[[ Extracted material open ]]

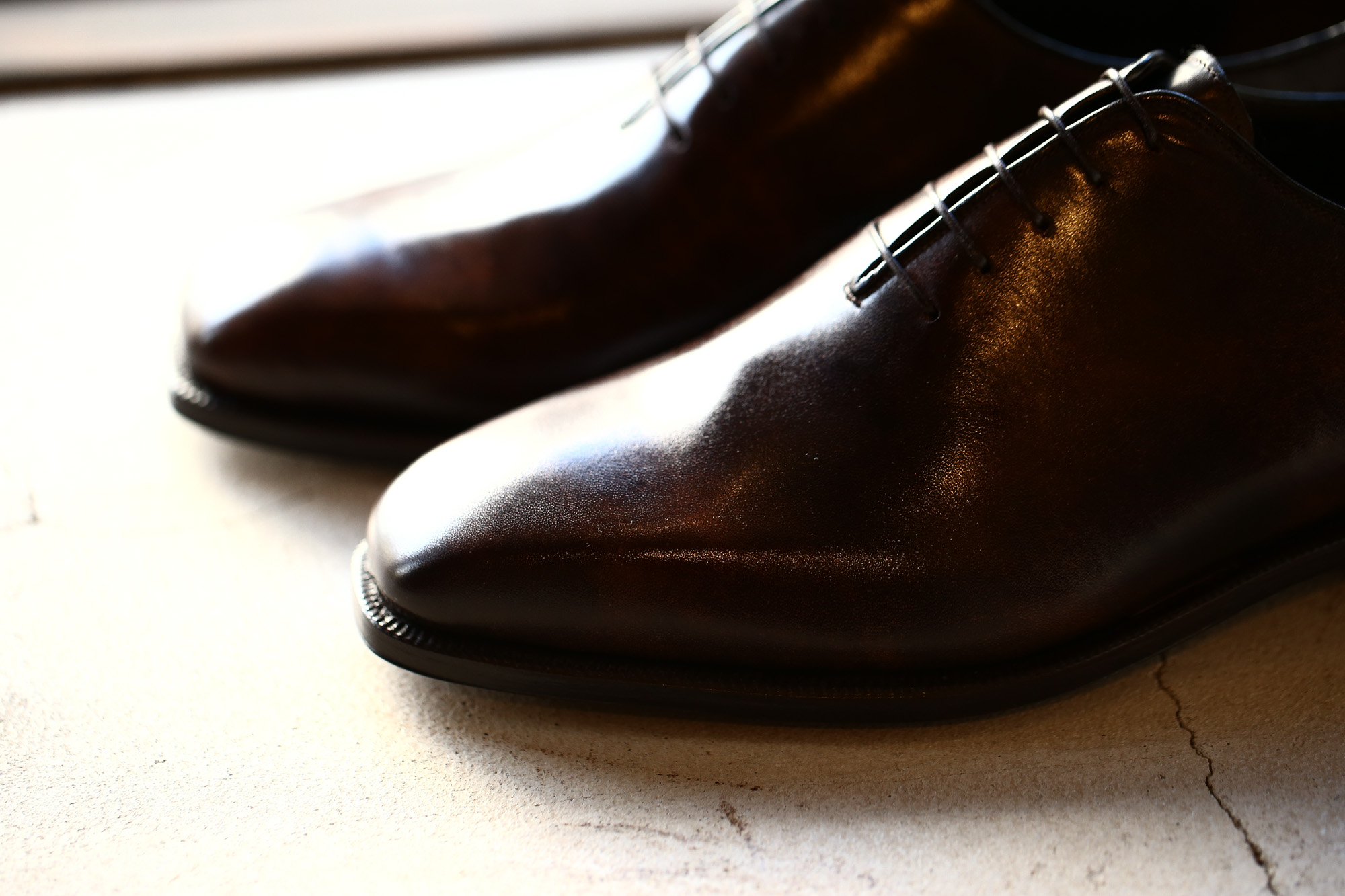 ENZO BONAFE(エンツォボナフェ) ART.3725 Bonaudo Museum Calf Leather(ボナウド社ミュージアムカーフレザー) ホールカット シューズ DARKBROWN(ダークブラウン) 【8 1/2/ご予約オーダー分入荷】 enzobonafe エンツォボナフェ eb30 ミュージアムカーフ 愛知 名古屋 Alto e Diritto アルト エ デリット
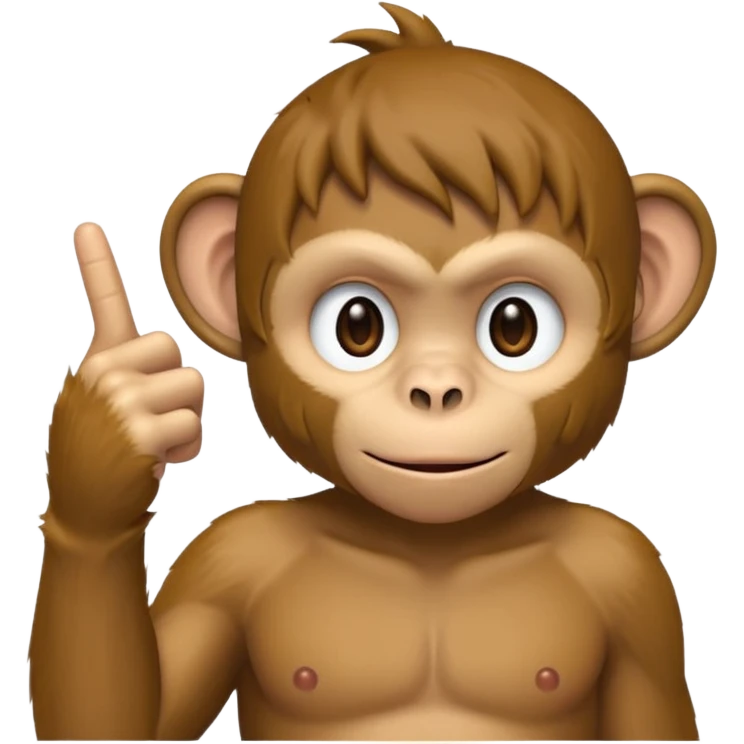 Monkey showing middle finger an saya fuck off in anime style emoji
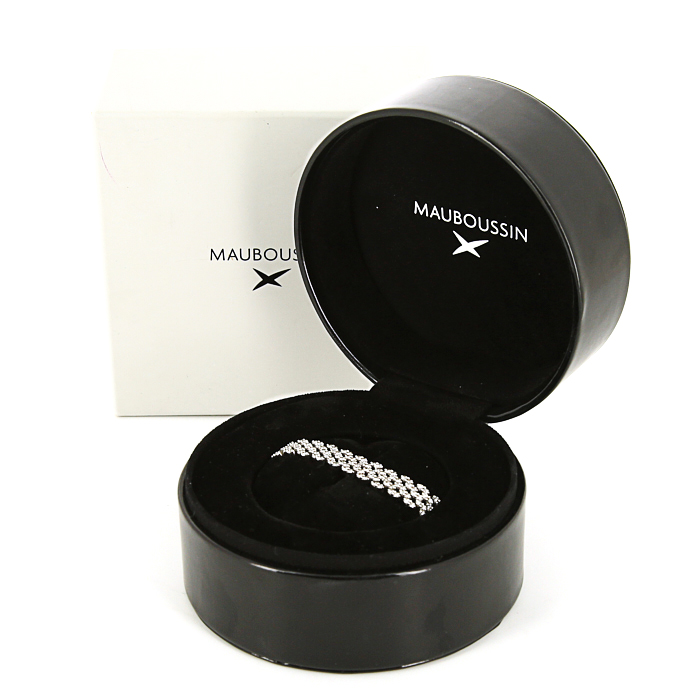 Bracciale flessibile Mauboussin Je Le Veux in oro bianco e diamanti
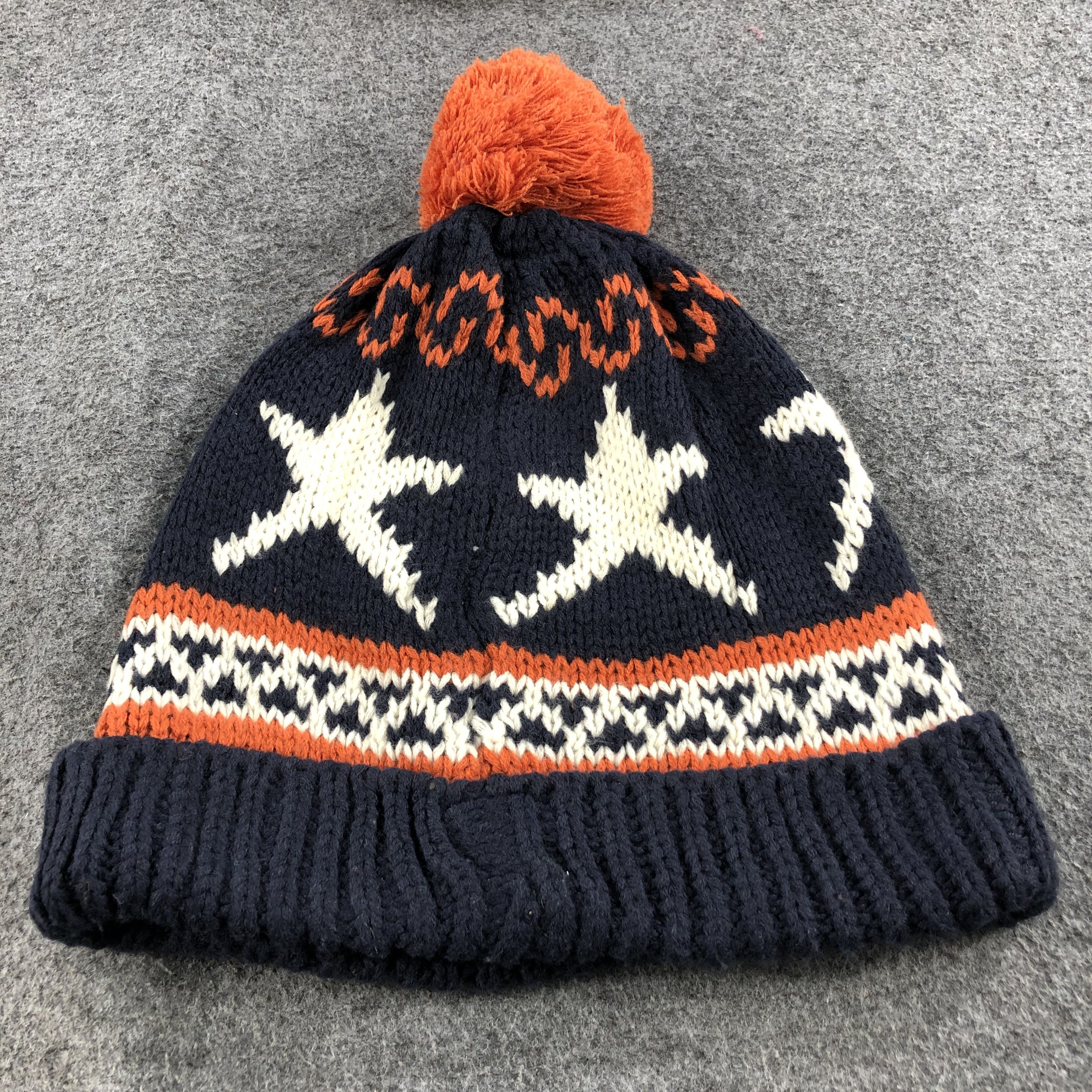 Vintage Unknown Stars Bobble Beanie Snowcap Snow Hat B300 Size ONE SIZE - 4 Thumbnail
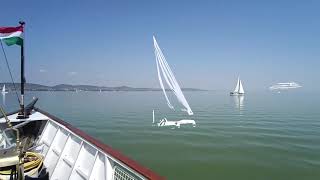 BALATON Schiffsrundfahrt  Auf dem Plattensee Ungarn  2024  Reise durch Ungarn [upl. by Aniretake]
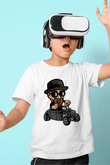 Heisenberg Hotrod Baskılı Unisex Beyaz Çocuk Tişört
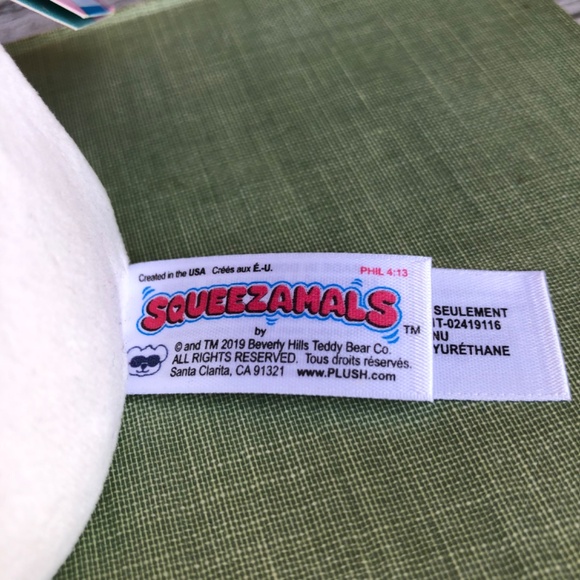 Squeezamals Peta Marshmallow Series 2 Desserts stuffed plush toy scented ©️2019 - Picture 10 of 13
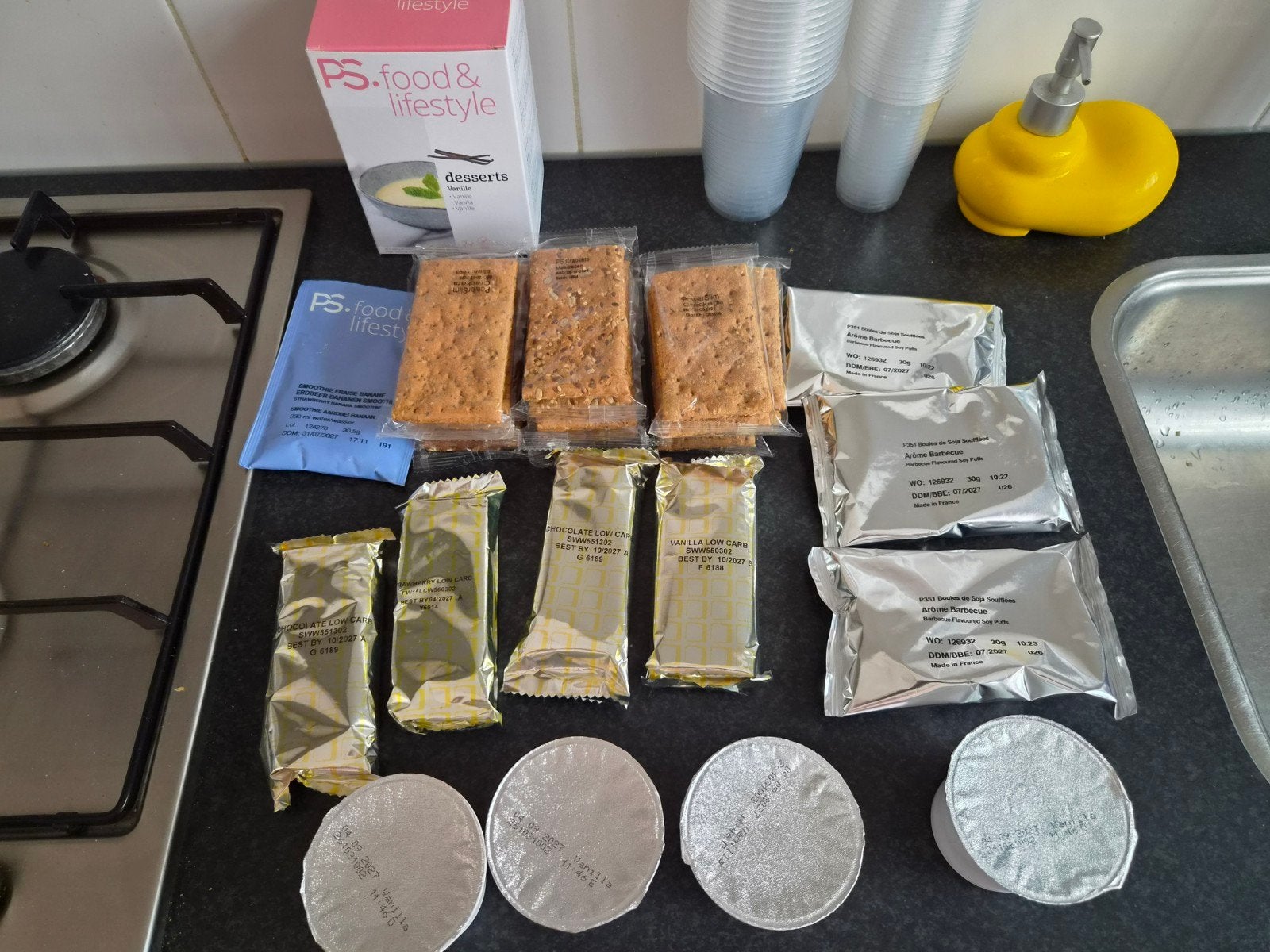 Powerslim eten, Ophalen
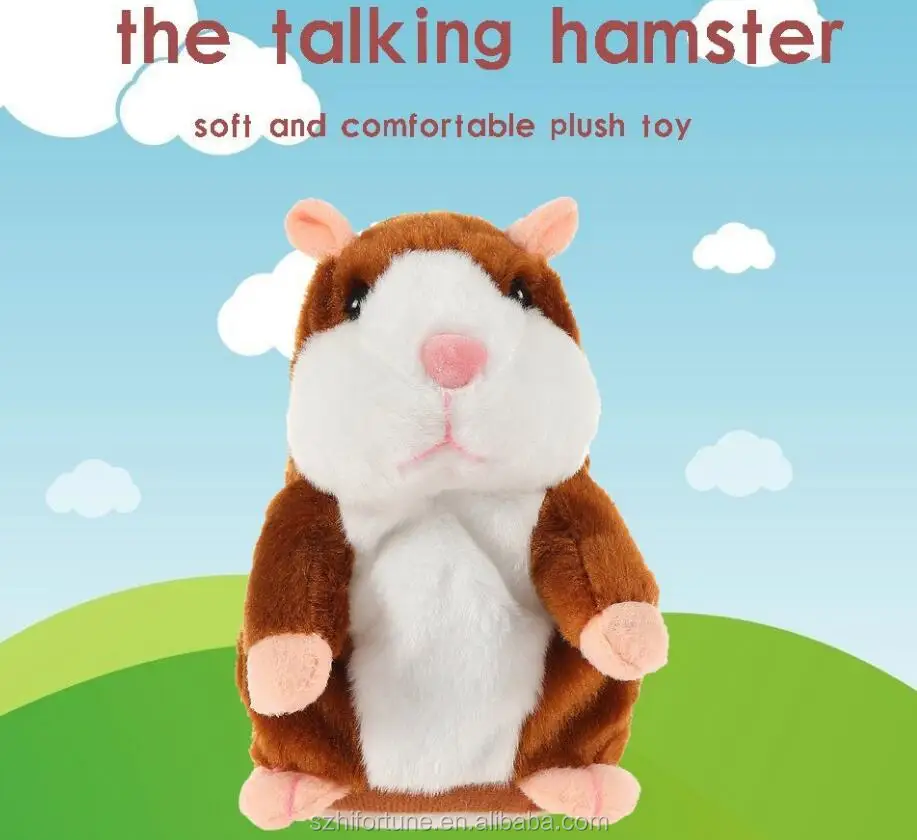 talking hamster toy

[[ Extracted material closed ]]

• Instructions to follow: Copy out every entry above verbatim. Leave each picture out.

• Exercise solution:
 ENZO BONAFE(エンツォボナフェ) ART.3725 Bonaudo Museum Calf Leather(ボナウド社ミュージアムカーフレザー) ホールカット シューズ DARKBROWN(ダークブラウン) 【8 1/2/ご予約オーダー分入荷】 enzobonafe エンツォボナフェ eb30 ミュージアムカーフ 愛知 名古屋 Alto e Diritto アルト エ デリット
 Monkey showing middle finger an saya fuck off in anime style emoji
 Bracciale flessibile Mauboussin Je Le Veux in oro bianco e diamanti
 Vintage Unknown Stars Bobble Beanie Snowcap Snow Hat B300 Size ONE SIZE - 4 Thumbnail
 BALATON Schiffsrundfahrt  Auf dem Plattensee Ungarn  2024  Reise durch Ungarn [upl. by Aniretake]
 Heisenberg Hotrod Baskılı Unisex Beyaz Çocuk Tişört
 Squeezamals Peta Marshmallow Series 2 Desserts stuffed plush toy scented ©️2019 - Picture 10 of 13
 Powerslim eten, Ophalen
 talking hamster toy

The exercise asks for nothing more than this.